[Author’s note - I originally wrote this for the November newsletter, but I did not get it to Mark in time. Believe it or not, Vulpecula still should be high enough in the sky immediately after the end of twilight to be able to check these out. Otherwise, you’ll have to wait until next summer!]
Many of you may already know that I am currently working on the so-called Herschel 400 list of deep sky objects. Two of them, cataloged as NGC 6882 and NGC 6885, are a bit puzzling. Both are located in Vulpecula (the Fox), and are literally one on top of each other. Supposedly, anyway.
These two open clusters are located very near each other, with NGC 6882 at 20h 11.7m +26 deg 33’ and NGC 6885 at 20h 12.0m +26 deg 29’, about five degrees north-northeast of M27 (the popular open house showpiece Dumbbell Nebula). In fact, they both “enclose” the 6th magnitude star 20 Vulpeculae (which is not considered to be a member of either cluster - it is rather believed simply to be a foreground star). Even in November, they should be high enough in the sky to observe, at least early in the evening after twilight ends.

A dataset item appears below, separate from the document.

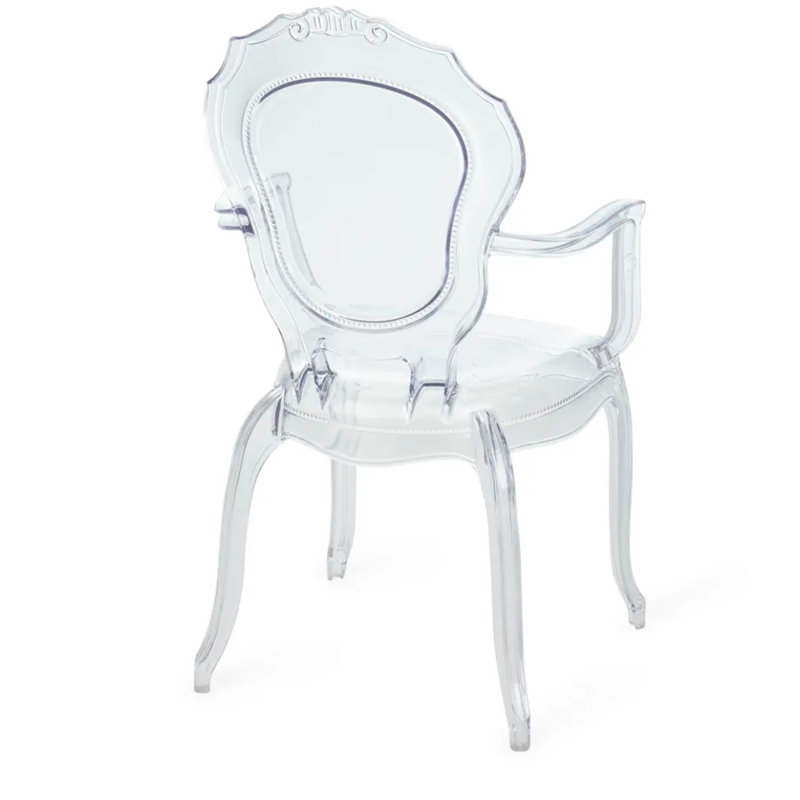 Chaise avec accoudoirs Malechi Queen Anne, 1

NGCs 6882 and 6885 are both listed in The Deep Sky Field Guide to Uranometria 2000 as being at magnitude 8.1, with diameters of 18 and 7 arc minutes, respectively. Given their coordinates, and their listed diameters, they ought to overlap. But what we see on star charts is another story. Sky Atlas 2000 plots only NGC 6885, as a small cluster centered exactly on 20 Vul. Uranometria 2000 (first edition) plots both clusters, also with NGC 6885 centered on 20 Vul, and with the larger NGC 6882 completely enclosing it, and with its center to the northwest of 20 Vul. Millennium Sky Atlas also plots both, and also with NGC 6882 enclosing NGC 6885 (also centered on 20 Vul), but shows NGC 6882’s center to the southwest of NGC 6882. And, the totally revamped Uranometria 2000 second edition shows NGC 6882 only, and doesn’t even plot its smaller companion! Obviously, there’s confusion regarding these two objects even among the sky cartographers!
So what does one see when one looks at these in a telescope? In my 13” at the Black Forest Star Party this past September, NGC 6882 appeared as a nice, relatively “loose” cluster in a rich Milky Way field. Despite the rich background, it was still relatively easy to spot as a cluster. Yes, 20 Vul was there near the “edge” of the cluster, but I did not pay attention to which direction the star was from the cluster’s center. [I did not notice the discrepancy in the positions of NGC 6882 relative to 20 Vul until I compared star charts while writing this article. I’ll have to revisit them the next time I’m out observing.] At low power, around 55x, I saw no evidence of a smaller cluster centered on 20 Vul. At higher power, around 200x, I thought I detected a faint “circle” of stars surrounding 20 Vul. Was this NGC 6885? If so, then it’s awfully small and hardly worth cataloging in the Herschel 400 list. The Herschel 400 is advertised not as having the most challenging objects, but rather to be a collection of objects reachable with moderate apertures from less than perfectly dark skies. If this is NGC 6885, then it seems out of place in it.
So what’s up with these two clusters? Are they really two objects? Why does each sky atlas plot them differently? Why are they listed with identical brightness’s, when obviously if one “encloses” the other, then they cannot be? And is NGC 6885 really a cluster? Is it even there at all?